■ Exercise requirements ■
Each line from the start of the listing below through the line containing "Poncho largo todos deshilados Chiapas" should be reproduced exactly, with no others.

*** Data ***

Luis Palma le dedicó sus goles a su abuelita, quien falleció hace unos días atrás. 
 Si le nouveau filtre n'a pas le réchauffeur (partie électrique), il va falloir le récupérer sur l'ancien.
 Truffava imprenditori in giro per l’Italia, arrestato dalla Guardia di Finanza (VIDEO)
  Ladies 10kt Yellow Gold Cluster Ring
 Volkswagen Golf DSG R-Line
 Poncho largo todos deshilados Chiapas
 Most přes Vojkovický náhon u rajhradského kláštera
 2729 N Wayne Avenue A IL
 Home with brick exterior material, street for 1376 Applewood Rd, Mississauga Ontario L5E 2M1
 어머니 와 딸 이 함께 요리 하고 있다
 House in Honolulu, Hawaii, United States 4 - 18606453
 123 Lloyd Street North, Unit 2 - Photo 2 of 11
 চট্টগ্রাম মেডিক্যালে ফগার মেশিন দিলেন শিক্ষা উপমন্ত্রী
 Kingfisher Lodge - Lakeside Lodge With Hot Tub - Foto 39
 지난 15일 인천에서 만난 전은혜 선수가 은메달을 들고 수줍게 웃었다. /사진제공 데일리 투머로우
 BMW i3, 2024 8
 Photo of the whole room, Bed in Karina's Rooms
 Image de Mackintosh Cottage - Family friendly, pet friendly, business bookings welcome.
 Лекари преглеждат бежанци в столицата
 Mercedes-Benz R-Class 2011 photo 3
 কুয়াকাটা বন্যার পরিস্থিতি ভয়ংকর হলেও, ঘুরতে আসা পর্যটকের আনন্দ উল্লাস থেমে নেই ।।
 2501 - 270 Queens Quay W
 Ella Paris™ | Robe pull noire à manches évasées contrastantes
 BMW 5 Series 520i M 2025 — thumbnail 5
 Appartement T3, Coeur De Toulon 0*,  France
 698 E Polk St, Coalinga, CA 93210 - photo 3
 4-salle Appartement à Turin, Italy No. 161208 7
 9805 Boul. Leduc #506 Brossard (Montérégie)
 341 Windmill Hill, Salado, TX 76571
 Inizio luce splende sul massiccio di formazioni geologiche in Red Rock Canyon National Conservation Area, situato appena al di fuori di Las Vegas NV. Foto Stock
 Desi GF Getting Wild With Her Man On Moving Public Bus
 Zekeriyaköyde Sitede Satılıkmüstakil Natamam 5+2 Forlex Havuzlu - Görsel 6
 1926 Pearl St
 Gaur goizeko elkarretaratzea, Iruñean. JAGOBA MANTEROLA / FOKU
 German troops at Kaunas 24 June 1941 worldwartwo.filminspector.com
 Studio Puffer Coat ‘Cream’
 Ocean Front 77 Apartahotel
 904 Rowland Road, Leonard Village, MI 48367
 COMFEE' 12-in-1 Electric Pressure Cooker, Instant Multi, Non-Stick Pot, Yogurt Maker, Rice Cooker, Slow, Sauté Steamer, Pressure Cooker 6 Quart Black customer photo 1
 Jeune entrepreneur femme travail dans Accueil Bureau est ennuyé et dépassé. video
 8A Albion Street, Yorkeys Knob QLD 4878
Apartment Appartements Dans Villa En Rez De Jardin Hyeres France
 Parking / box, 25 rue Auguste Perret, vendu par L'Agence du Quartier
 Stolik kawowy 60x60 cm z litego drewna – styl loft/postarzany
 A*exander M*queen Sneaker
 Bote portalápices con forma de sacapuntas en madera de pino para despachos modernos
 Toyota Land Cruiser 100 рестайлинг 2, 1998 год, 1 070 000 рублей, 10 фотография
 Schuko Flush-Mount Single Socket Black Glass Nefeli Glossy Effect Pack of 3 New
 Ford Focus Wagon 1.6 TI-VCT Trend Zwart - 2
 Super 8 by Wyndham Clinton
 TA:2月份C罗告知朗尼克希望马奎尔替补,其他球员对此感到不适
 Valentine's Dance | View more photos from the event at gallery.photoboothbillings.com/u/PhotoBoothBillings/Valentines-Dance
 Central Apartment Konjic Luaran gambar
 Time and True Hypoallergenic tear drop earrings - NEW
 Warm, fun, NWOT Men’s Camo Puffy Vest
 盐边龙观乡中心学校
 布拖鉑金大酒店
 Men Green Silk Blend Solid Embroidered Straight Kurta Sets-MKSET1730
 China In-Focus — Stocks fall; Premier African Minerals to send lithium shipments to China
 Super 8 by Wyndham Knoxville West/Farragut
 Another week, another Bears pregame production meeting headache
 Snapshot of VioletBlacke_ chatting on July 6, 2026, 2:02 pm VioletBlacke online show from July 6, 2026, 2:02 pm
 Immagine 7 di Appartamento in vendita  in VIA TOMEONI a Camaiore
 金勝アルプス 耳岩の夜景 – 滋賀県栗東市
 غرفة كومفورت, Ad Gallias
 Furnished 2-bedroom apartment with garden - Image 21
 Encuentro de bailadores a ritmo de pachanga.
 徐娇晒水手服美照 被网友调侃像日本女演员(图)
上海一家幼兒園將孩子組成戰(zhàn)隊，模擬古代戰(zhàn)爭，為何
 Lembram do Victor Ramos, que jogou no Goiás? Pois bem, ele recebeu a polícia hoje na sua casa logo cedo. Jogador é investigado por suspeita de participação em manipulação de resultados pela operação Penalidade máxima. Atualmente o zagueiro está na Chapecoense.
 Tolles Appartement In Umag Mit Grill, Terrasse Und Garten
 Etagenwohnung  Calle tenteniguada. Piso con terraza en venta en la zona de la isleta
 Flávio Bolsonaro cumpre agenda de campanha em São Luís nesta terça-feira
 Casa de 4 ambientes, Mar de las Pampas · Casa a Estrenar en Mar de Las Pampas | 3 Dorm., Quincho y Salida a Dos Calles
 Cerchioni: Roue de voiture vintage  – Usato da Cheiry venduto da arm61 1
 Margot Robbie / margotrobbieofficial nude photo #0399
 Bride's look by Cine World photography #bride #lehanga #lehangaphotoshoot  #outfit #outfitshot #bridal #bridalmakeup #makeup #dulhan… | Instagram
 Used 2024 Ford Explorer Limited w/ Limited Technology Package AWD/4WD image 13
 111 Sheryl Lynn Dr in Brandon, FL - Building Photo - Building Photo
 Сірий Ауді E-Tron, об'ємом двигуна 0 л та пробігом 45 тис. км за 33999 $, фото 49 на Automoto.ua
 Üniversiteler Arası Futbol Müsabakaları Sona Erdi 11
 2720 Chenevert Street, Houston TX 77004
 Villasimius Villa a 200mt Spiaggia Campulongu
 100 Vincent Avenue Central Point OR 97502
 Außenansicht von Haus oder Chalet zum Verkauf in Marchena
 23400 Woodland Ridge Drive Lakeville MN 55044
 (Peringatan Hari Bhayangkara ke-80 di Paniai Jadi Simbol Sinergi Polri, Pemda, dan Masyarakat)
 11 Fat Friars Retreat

***

■ Task response ■
Luis Palma le dedicó sus goles a su abuelita, quien falleció hace unos días atrás. 
 Si le nouveau filtre n'a pas le réchauffeur (partie électrique), il va falloir le récupérer sur l'ancien.
 Truffava imprenditori in giro per l’Italia, arrestato dalla Guardia di Finanza (VIDEO)
  Ladies 10kt Yellow Gold Cluster Ring
 Volkswagen Golf DSG R-Line
 Poncho largo todos deshilados Chiapas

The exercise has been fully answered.